The use of spoken and written commentary, directly addressing the audience, definitely embraced the notion of ‘Guerrilla Cinema’, where the spectator is called to act against imperialism.

From an editing point of view, recorded noise and distortive music play a discursive and demystifying role. Minimalism (or avant-garde)
is not only appropriate to the exigencies of film production in that particular context, but also reflects artistic strategies.

Third Cinema was trying to develop a new web of production and distribution, away from mainstream channels, and here La Hora de los Hornos avoided censorship by employing an underground system of distribution.

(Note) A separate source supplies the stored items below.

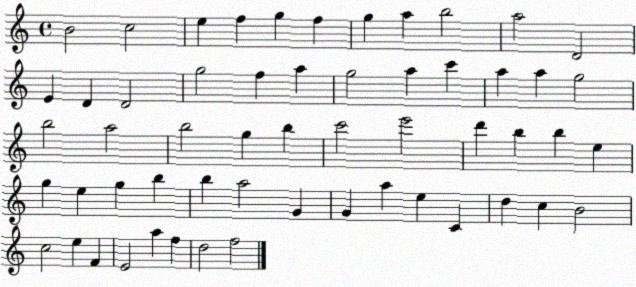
X:1
T:Untitled
M:4/4
L:1/4
K:C
B2 c2 e f g f g a b2 a2 D2 E D D2 g2 f a g2 a c' a a g2 b2 a2 b2 g b c'2 e'2 d' b b e g e g b b a2 G G a e C d c B2 c2 e F E2 a f d2 f2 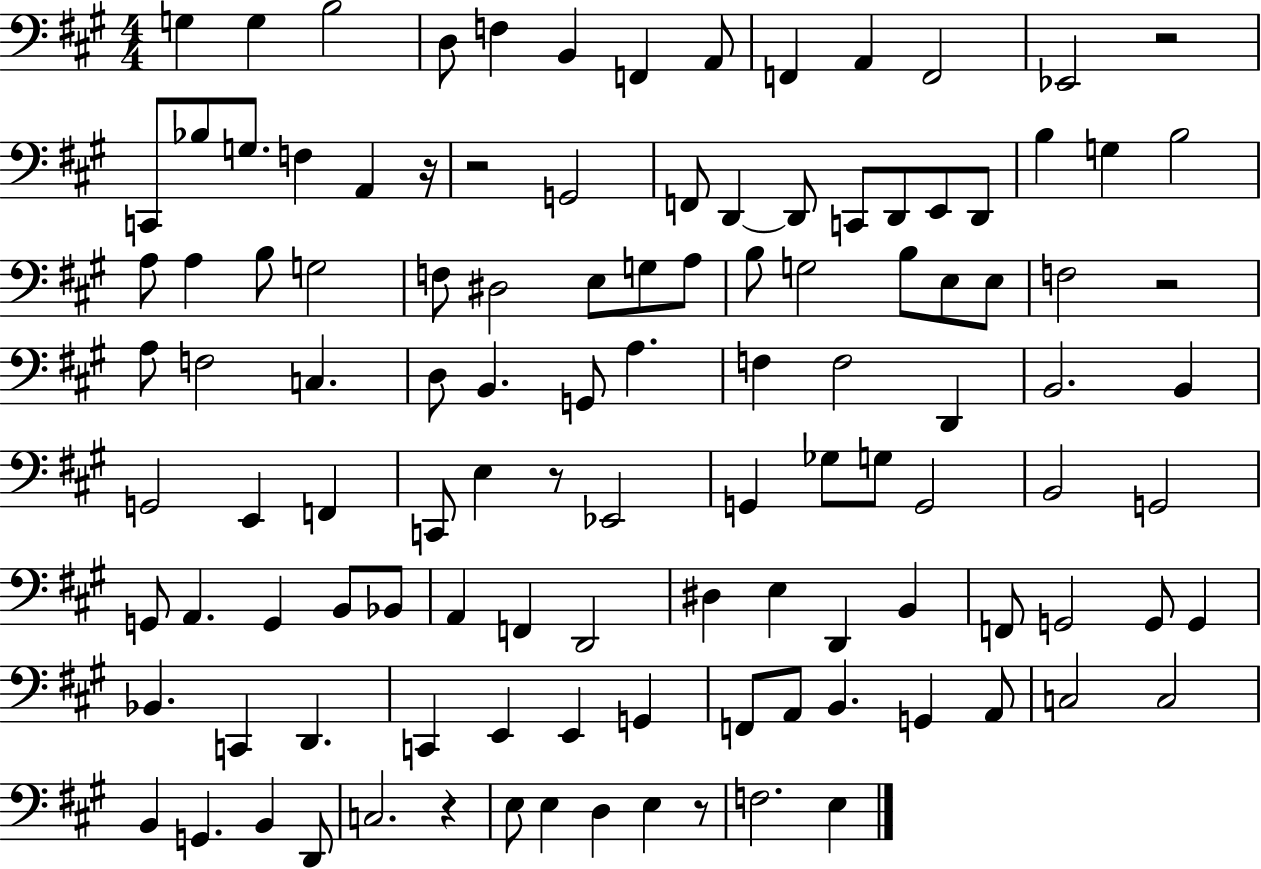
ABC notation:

X:1
T:Untitled
M:4/4
L:1/4
K:A
G, G, B,2 D,/2 F, B,, F,, A,,/2 F,, A,, F,,2 _E,,2 z2 C,,/2 _B,/2 G,/2 F, A,, z/4 z2 G,,2 F,,/2 D,, D,,/2 C,,/2 D,,/2 E,,/2 D,,/2 B, G, B,2 A,/2 A, B,/2 G,2 F,/2 ^D,2 E,/2 G,/2 A,/2 B,/2 G,2 B,/2 E,/2 E,/2 F,2 z2 A,/2 F,2 C, D,/2 B,, G,,/2 A, F, F,2 D,, B,,2 B,, G,,2 E,, F,, C,,/2 E, z/2 _E,,2 G,, _G,/2 G,/2 G,,2 B,,2 G,,2 G,,/2 A,, G,, B,,/2 _B,,/2 A,, F,, D,,2 ^D, E, D,, B,, F,,/2 G,,2 G,,/2 G,, _B,, C,, D,, C,, E,, E,, G,, F,,/2 A,,/2 B,, G,, A,,/2 C,2 C,2 B,, G,, B,, D,,/2 C,2 z E,/2 E, D, E, z/2 F,2 E, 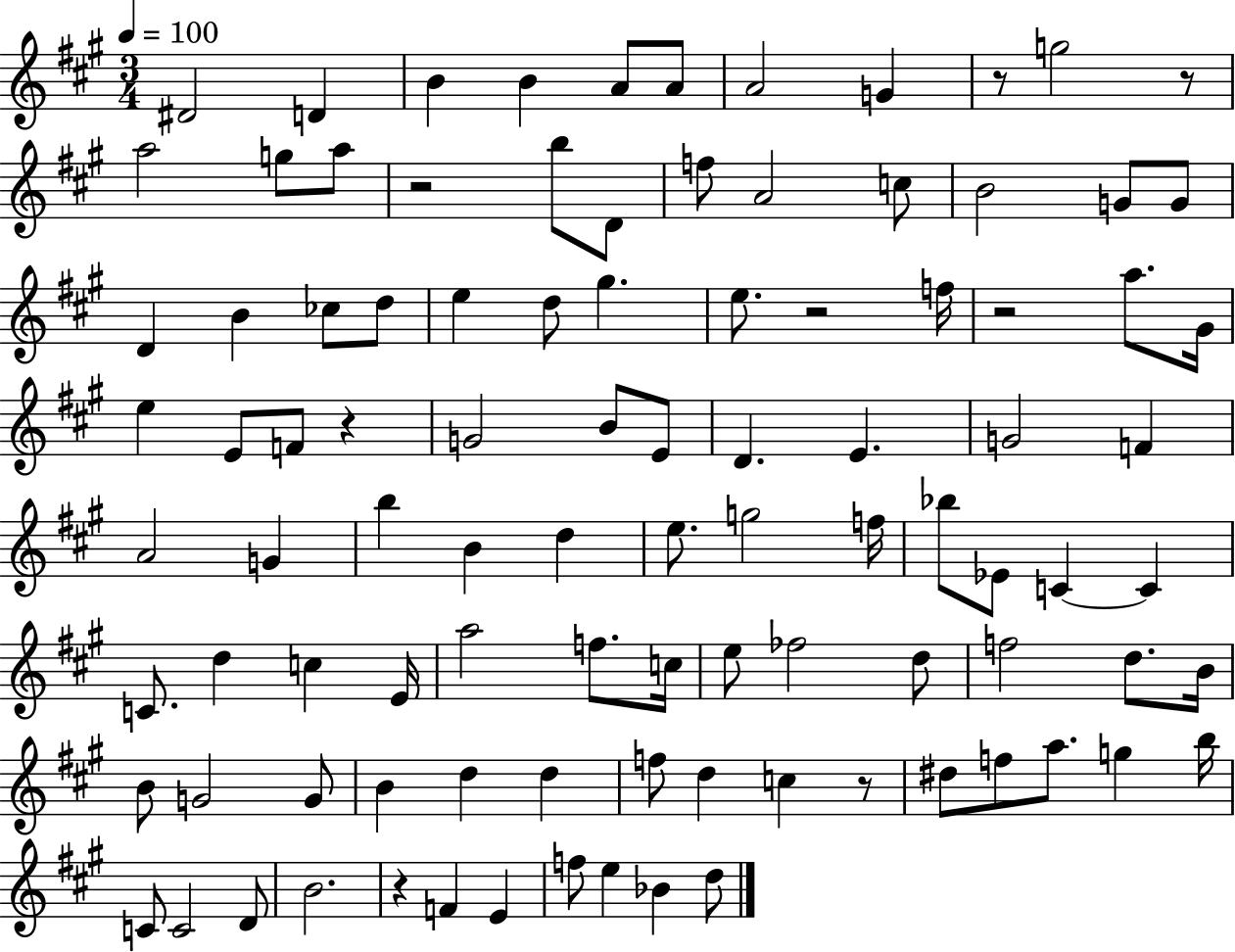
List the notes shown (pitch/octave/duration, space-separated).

D#4/h D4/q B4/q B4/q A4/e A4/e A4/h G4/q R/e G5/h R/e A5/h G5/e A5/e R/h B5/e D4/e F5/e A4/h C5/e B4/h G4/e G4/e D4/q B4/q CES5/e D5/e E5/q D5/e G#5/q. E5/e. R/h F5/s R/h A5/e. G#4/s E5/q E4/e F4/e R/q G4/h B4/e E4/e D4/q. E4/q. G4/h F4/q A4/h G4/q B5/q B4/q D5/q E5/e. G5/h F5/s Bb5/e Eb4/e C4/q C4/q C4/e. D5/q C5/q E4/s A5/h F5/e. C5/s E5/e FES5/h D5/e F5/h D5/e. B4/s B4/e G4/h G4/e B4/q D5/q D5/q F5/e D5/q C5/q R/e D#5/e F5/e A5/e. G5/q B5/s C4/e C4/h D4/e B4/h. R/q F4/q E4/q F5/e E5/q Bb4/q D5/e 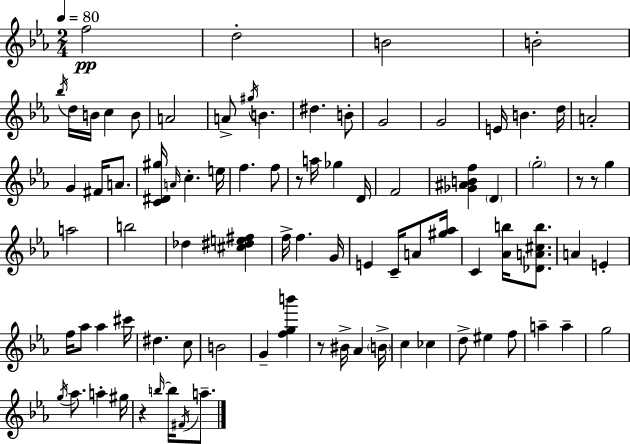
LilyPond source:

{
  \clef treble
  \numericTimeSignature
  \time 2/4
  \key ees \major
  \tempo 4 = 80
  f''2\pp | d''2-. | b'2 | b'2-. | \break \acciaccatura { bes''16 } d''16 b'16 c''4 b'8 | a'2 | a'8-> \acciaccatura { gis''16 } b'4. | dis''4. | \break b'8-. g'2 | g'2 | e'16 b'4. | d''16 a'2-. | \break g'4 fis'16 a'8. | <c' dis' gis''>16 \grace { a'16 } c''4.-. | e''16 f''4. | f''8 r8 a''16 ges''4 | \break d'16 f'2 | <ges' ais' b' f''>4 \parenthesize d'4 | \parenthesize g''2-. | r8 r8 g''4 | \break a''2 | b''2 | des''4 <cis'' dis'' e'' fis''>4 | f''16-> f''4. | \break g'16 e'4 c'16-- | a'8 <gis'' aes''>16 c'4 <aes' b''>16 | <des' a' cis'' b''>8. a'4 e'4-. | f''16 aes''8 aes''4 | \break cis'''16 dis''4. | c''8 b'2 | g'4-- <f'' g'' b'''>4 | r8 bis'16-> aes'4 | \break \parenthesize b'16-> c''4 ces''4 | d''8-> eis''4 | f''8 a''4-- a''4-- | g''2 | \break \acciaccatura { g''16 } aes''8. a''4-. | gis''16 r4 | \grace { b''16~ }~ b''16 \acciaccatura { fis'16 } a''8.-- \bar "|."
}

Indeed, notes by Gabriel remind us of how sometimes the screenings of Solanas and Getino had to be protected by armed guards to avoid the risk of government retaliation (Gabriel 1982:126).

After its release, La Hora de los Hornos has been widely recognised – unquestionable in its value and importance – most likely because of its attempt to frame an ideological-political argument.

Radical treatments of actuality

The political strategies employed by the US in the 1960’s, 70’s and 80’s, as described by the documentary of the two Argentine filmmakers, indeed are not too different from the strategies employed by the USA in the last few years of post-colonialism (during the reign of former President George W. Bush).
Unsurprisingly, without losing its force, La Hora de los Hornos could be screened to denounce the crisis that affected Argentina in 2000, due to economic struggles provoked by IMF and its bizarre financial strategies.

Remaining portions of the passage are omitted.